Well it’s March Madness once again. And this year I feel just a bit more connected to the big college hoops tournament than usual (even though no Canadian newspaper prints a two page spread of the brackets where I can fill in my predictions).
Of course, my beloved Tar Heels, from the University of North Carolina, are in the mix (and have a No. 1 seed in the South Regional) and have to be considered one of the favorites to win the whole shebang. Indeed, just today they were proclaimed the winner of Inside Higher Ed’s Academic Performance Tournament! Although IHE’s tournament has little to do with who actually wins the hoops competition (e.g., past APT winners include Bucknell, Holy Cross, and Davidson).
I’m particularly interested in the Midwest bracket of the NCAA tournament, where my other alma mater, the Buckeyes of THE Ohio State University are an eight seed and open play against the Siena Saints. Siena was the only local Division I hoops team when I lived in Albany, NY and thus I logged a lot of time following the Saints (both the men’s and women’s teams). Siena, btw, changed their nickname from the “Indians” back in the 1990s—more on nickname changes later.
The winner of the Ohio State v. Siena game will likely play the University of Louisville Cardinals (who will surely trounce the winner of the the “opening round” game between Alabama State and Morehead St.). I spent two and a half, let’s call them “interesting”, years on the faculty at UofHell (as it is often unaffectionately referred to) , arriving in town about the same time Planet Red landed former UK (“Go Cats”)/Boston Celtics coach Rick Pitino. Pitino outlasted me at The ‘Ville and for reasons that I will keep to myself, I’ll be cheering for either the Buckeyes or Saints in the second round match up, but admit that the Cards do have a spot in my heart (it’s just down the list, a bit at about No. 6, behind the Bearcats of Binghamton University).
The Bearcats have that special (No. 5) place in my heart because I played a very small, yet I believe significant part, in their climb from Division III mediocrity to grasping the brass ring of Division I basketball success (even if they did it by tossing academic standards in the gutter).

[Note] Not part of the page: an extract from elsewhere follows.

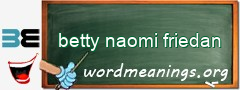WordMeaning blackboard for betty naomi friedan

Back in the 1990s there was a very contentious debate on campus at Binghamton about moving its athletics program from Division III (where no athletic scholarships are offered) to the big time of Division I. The argument broke down on familiar lines. Many (probably most) faculty members at Binghamton sided against the move because it was perceived as a potential threat to academics (Binghamton was and is one of the most highly regarded campuses of the State University of New York system, the “academic jewel of SUNY” as they say). The pro-Division I argument was that ratcheting up the athletics programs would allow BU to rub shoulders with it’s academic peers in conferences like the Patriot League (incidentally the home of two past champions in IHE’s Academic Performance Tournament, Bucknell and Holy Cross).
The first move toward Division I membership by Binghamton was made in the late 1990s, when I just happened to be on the BU Athletics Board. We endorsed taking the first step to Division I by voting to move the athletics program to Division II (as required of the NCAA) and then to study the impact of that move on both the finances and academic standards of the university.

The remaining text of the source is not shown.